Dernière mise à jour le 7 décembre 2023

Plan :

Introduction – motivation

L’idée de cet article est de prendre du recul sur la place des données dans les S.I. et de proposer une structuration dans le temps de cette place.

Avec pourquoi pas, l’idée de se situer à date et dans une vision future : quelles places occupent mes données ? avec quels moyens ?

Pour cela, je vous propose une frise chronologique, présentant les différentes ères de la place des données dans les Systèmes d’Information.

Cette frise chronologique vise à illustrer dans le temps : comment les données sont vues au travers d’ères marquantes, comment l’autonomie des données progresse dans le temps, quelles plates-formes (data platforms) entrent en jeu au cours du temps et le tout au regard d’événements remarquables qui vont avoir un impact sur le volume de données et la place des données.

NB : on s’intéresse à l’histoire des données dans le cadre des systèmes d’information (internes, étendus, d’écosystèmes… sociétaux).

A chaque ère correspond des capacités, des usages, des contraintes, des couts différents et cela bien entendu par rapport aux données.

Cette vision peut s’appliquer à différentes échelles : à l’échelle d’un domaine métier, d’un système d’information, de plusieurs systèmes d’information d’un écosystème de partenaires … voire à des échelles plus larges – comme l’initiative Data spaces au niveau Européen (https://internationaldataspaces.org/discover-the-latest-issue-of-data-spaces_now-exploring-the-most-crucial-stories-in-the-data-economy/ et https://www.datassence.fr/2023/04/12/revue-data-du-mois-mars-2023/#_ftn1 – § 6) Les « data spaces »)

La frise chronologique

Frise chronologique : Ères de la place des données dans les Systèmes d’Information

Source : © Datassence 2023 – https://www.datassence.fr/2023/04/14/frise-chronologique-eres-de-la-place-des-donnees-dans-les-systemes-dinformation/

Les ères se conjuguent dans le temps, la nouvelle ère n’efface pas la suivante : l’ère des données enfouies et l’ère des données centralisées sont toujours une réalité et une nécessité. Les données restent au service des processus.

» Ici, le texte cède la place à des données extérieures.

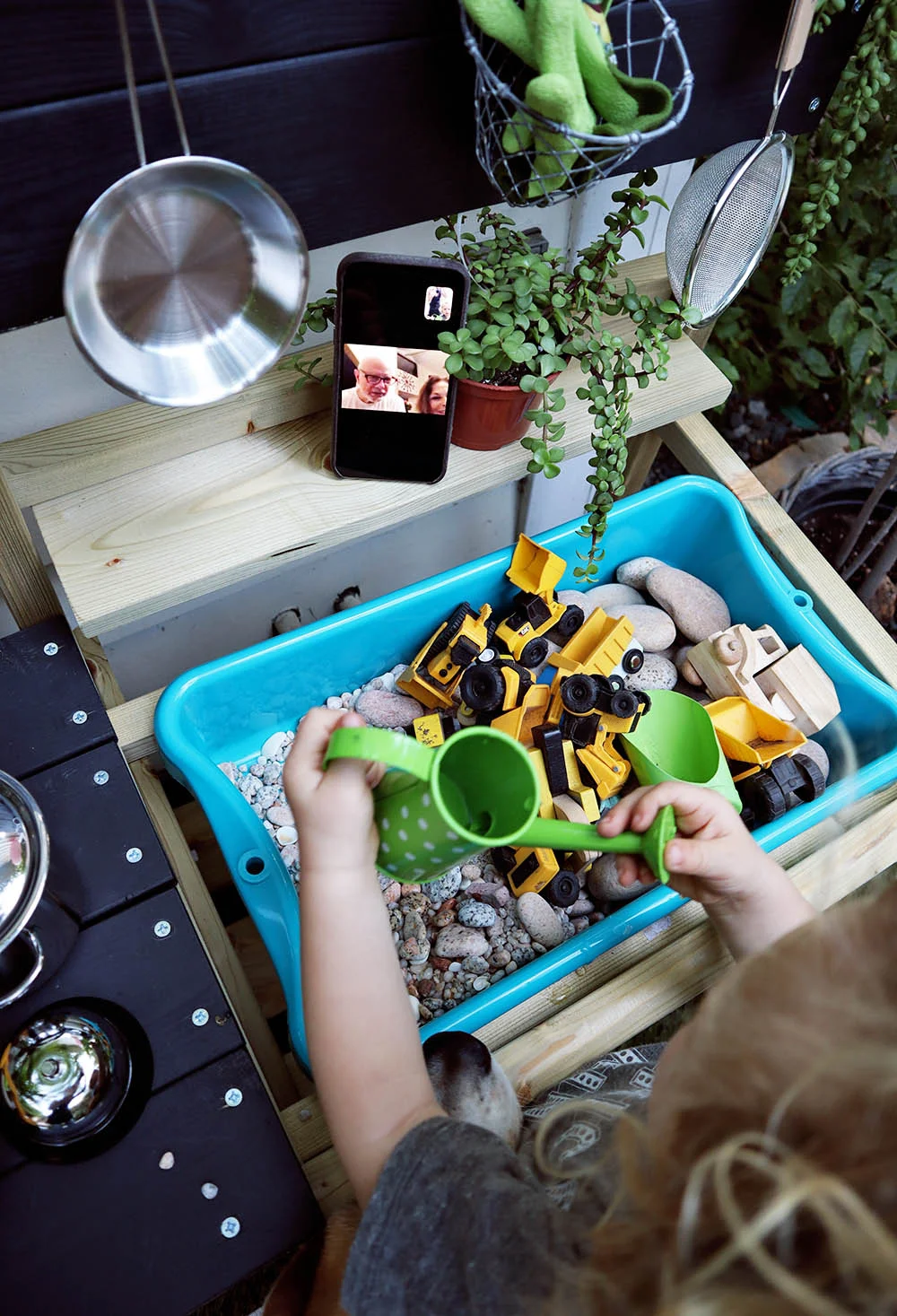 Above: West gives his grandparents (in Florida) a FaceTime tour of his new table.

Et en étant capable de centraliser logiquement ou physiquement les données, on peut alors les croiser (corréler, projeter, comparer, consolider) pour en tirer de la valeur. De plus, il est absolument nécessaire de tenir compte de l’historique de construction des systèmes data dans le temps. Rare sont les situations de mise en place d’une plate-forme data à partir d’une page blanche ou d’une situation où on peut tout effacer. Le poids de l’existant (services rendus, investissements, maintenance) est prépondérant.

NB : cette frise n’engage que son auteur … au travers de son expérience vécue tout au long de plus de 35 ans dans la vie de nombreux Systèmes d’Information. N’hésitez pas à me contacter, si votre vision est différente de ma proposition, complémentaire … Un recul collectif aura d’autant plus de valeur.

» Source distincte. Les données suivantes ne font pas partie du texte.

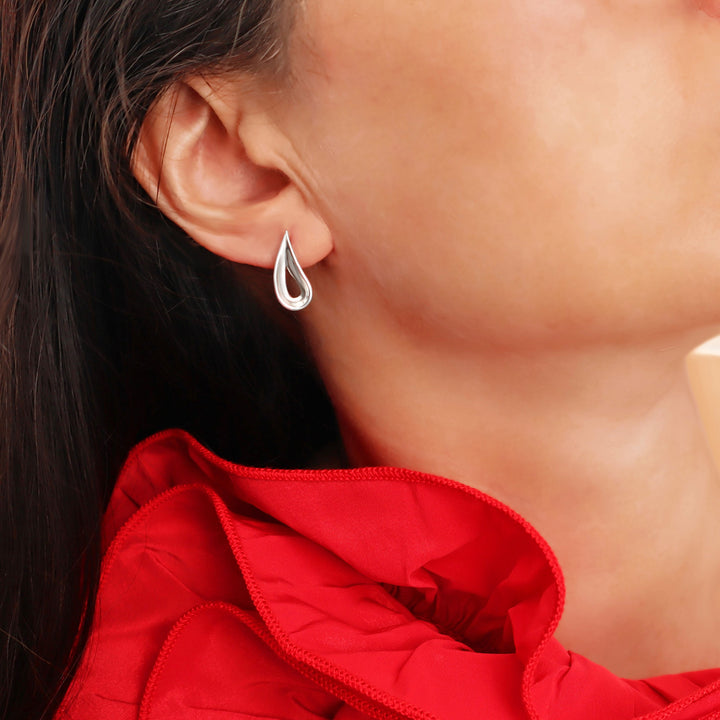 Close-up of a woman wearing a 925 sterling silver teardrop earring with a curved edge and a red dress in the background.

J’ai hésité entre le terme ère et le terme étape. Mais au final, j’ai préféré le terme ère pour un clin d’œil appuyé à tous ceux qui dans leur quotidien data, participent à des efforts archéologiques de fouille sur comment les données sont traitées (modélisées, exposées, mises en circulation, transformées, consommées, réutilisées). Pas un moment sans un effort de retro engineering avant d’attaquer un projet décisionnel, une question d’architecture data, une question métier à la recherche de données.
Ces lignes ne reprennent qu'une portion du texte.